335 BC in various calendars
- Gregorian calendar: 335 BC CCCXXXV BC
- Ab urbe condita: 419
- Ancient Egypt era: XXXI dynasty, 9
- - Pharaoh: Darius III of Persia, 2
- Ancient Greek Olympiad (summer): 111th Olympiad, year 2
- Assyrian calendar: 4416
- Balinese saka calendar: N/A
- Bengali calendar: −928 – −927
- Berber calendar: 616
- Buddhist calendar: 210
- Burmese calendar: −972
- Byzantine calendar: 5174–5175
- Chinese calendar: 乙酉年 (Wood Rooster) 2363 or 2156 — to — 丙戌年 (Fire Dog) 2364 or 2157
- Coptic calendar: −618 – −617
- Discordian calendar: 832
- Ethiopian calendar: −342 – −341
- Hebrew calendar: 3426–3427
- - Vikram Samvat: −278 – −277
- - Shaka Samvat: N/A
- - Kali Yuga: 2766–2767
- Holocene calendar: 9666
- Iranian calendar: 956 BP – 955 BP
- Islamic calendar: 985 BH – 984 BH
- Javanese calendar: N/A
- Julian calendar: N/A
- Korean calendar: 1999
- Minguo calendar: 2246 before ROC 民前2246年
- Nanakshahi calendar: −1802
- Thai solar calendar: 208–209
- Tibetan calendar: 阴木鸡年 (female Wood-Rooster) −208 or −589 or −1361 — to — 阳火狗年 (male Fire-Dog) −207 or −588 or −1360

= 335 BC =

Year 335 BC was a year of the pre-Julian Roman calendar. At the time, it was known as the Year of the Consulship of Calenus and Corvus (or, less frequently, year 419 Ab urbe condita). The denomination 335 BC for this year has been used since the early medieval period, when the Anno Domini calendar era became the prevalent method in Europe for naming years.

== Events ==

=== By place ===

==== Greece ====
- Returning to Macedonia by way of Delphi (where the Pythian priestess acclaims him "invincible"), King Alexander III of Macedonia advances into Thrace in order to secure the Danube as the northern boundary of the Macedonian kingdom. After forcing the Shipka Pass and crushing the Triballi, he crosses the Danube to disperse the Getae. Turning west, he then defeats and shatters a coalition of Illyrians who are invading Macedonia.
- A rumour that Alexander has been killed by the Illyrians leads the Thebans and Athenians to take up arms again. Alexander defeats the Greeks and razes Thebes. In Thebes, 6,000 people are killed and all survivors are sold into slavery.
- After conquering Thebes, Alexander demands the surrender of the mercenary commanders, Chares and Charidemus, among others. Chares escapes to the Troad while Charidemus is banished and flees to Persia.
- The admiration of Alexander for the Athenian orator and diplomat, Demades, leads the conqueror to treat Athens leniently despite its involvement in the rebellion.
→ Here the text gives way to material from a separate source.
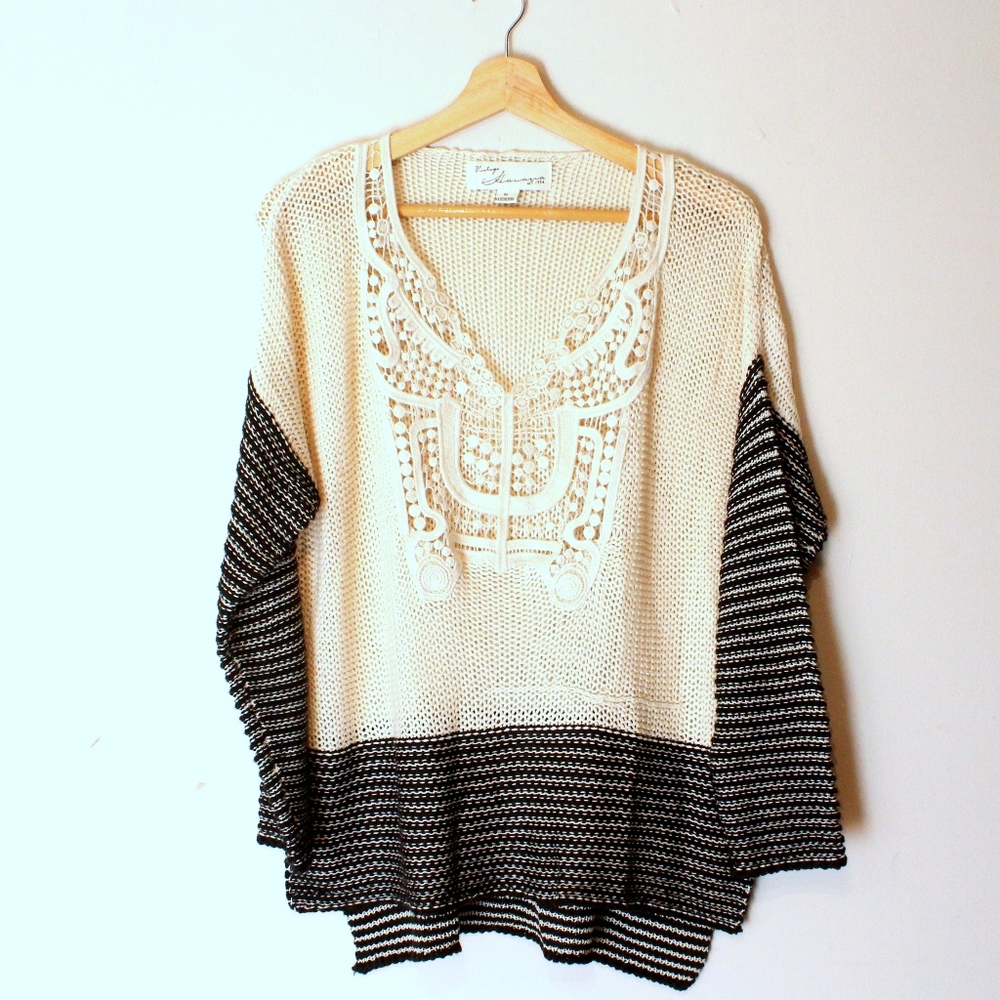 Vintage Havana  Cream and Navy Knitted Sweater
A special Athenian embassy led by Phocion, an opponent of the anti-Macedonian faction, is able to persuade Alexander to give up his demand for the exile of the leaders of the anti-Macedonian party, particularly Demosthenes.
- Aristotle returns to Athens from Macedon and opens a peripatetic school in an old gymnasium called the Lyceum. It contains a museum of natural history, zoological gardens and a library.

==== Roman Republic ====
- Marcus Valerius Corvus is elected consul of the Roman Republic for the fourth time.
- Cales (modern Calvi), a city in Campania, is taken by the Romans and a Roman colony is established there.

=== By topic ===

==== Art ====
- The sculptor Praxiteles ends his active career in Athens (approximate date).

== Births ==
- Herophilos, Greek physician and first anatomist (d. 280 BC)

== Deaths ==
- Hicetas of Syracuse, Greek mathematician and philosopher (b. c. 400 BC)
- Eubulus, Athenian statesman (b. c. 405 BC)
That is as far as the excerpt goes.